— AIM OF THE EXERCISE —
Copy every record verbatim. Leave the pictures out.

(PROVIDED MATERIAL)

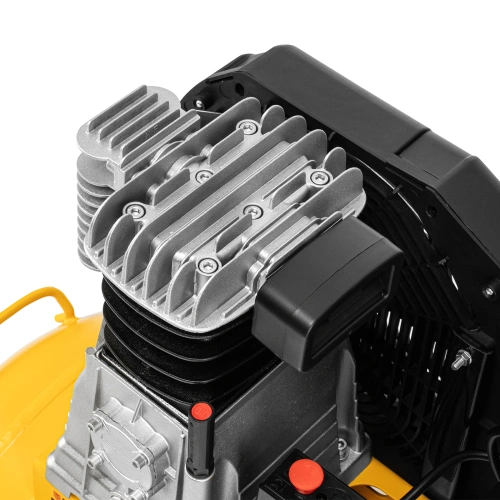 Компрессор воздушный рем. привод BCI 2200/100, 2,2 кВт, 100 литров, 420 л/мин Denzel по ценам производителя в Краснодаре с доставкой по всей России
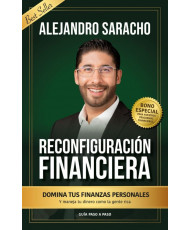 RECONFIGURACION FINANCIERA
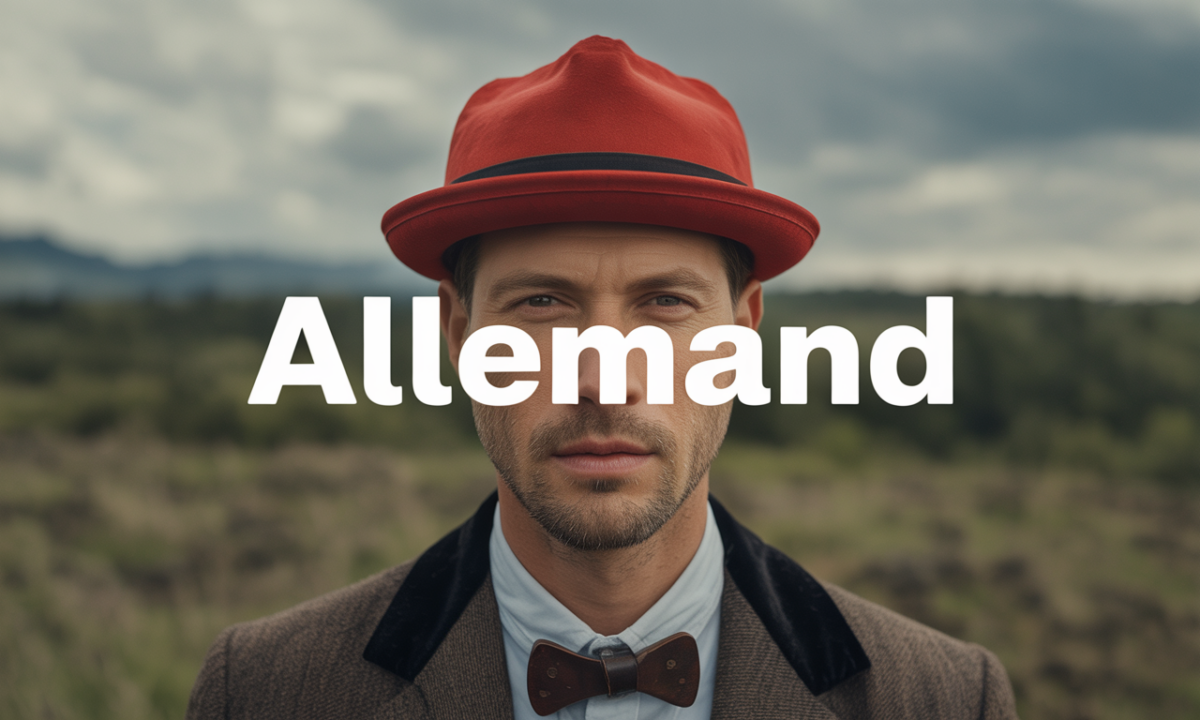 découvrez des ressources et cours pour apprendre l'allemand efficacement, du niveau débutant à avancé.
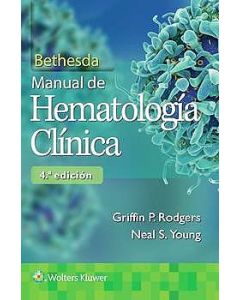 Bethesda Manual de Hematología Clínica.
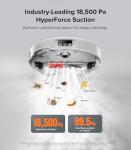 Roborock Qrevo Edge Robot Vacuum and Mop
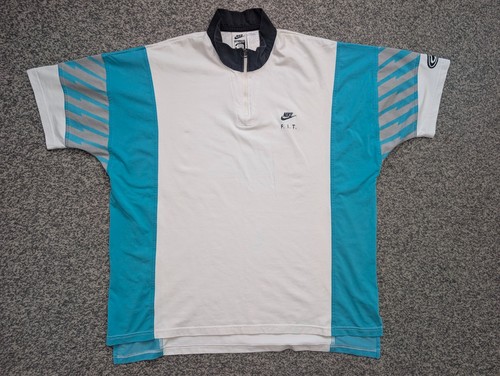 Vintage nike shirt mens - nike, extra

(End PROVIDED MATERIAL)

— TASK SOLUTION —
 Компрессор воздушный рем. привод BCI 2200/100, 2,2 кВт, 100 литров, 420 л/мин Denzel по ценам производителя в Краснодаре с доставкой по всей России
 RECONFIGURACION FINANCIERA
 découvrez des ressources et cours pour apprendre l'allemand efficacement, du niveau débutant à avancé.
 Bethesda Manual de Hematología Clínica.
 Roborock Qrevo Edge Robot Vacuum and Mop
 Vintage nike shirt mens - nike, extra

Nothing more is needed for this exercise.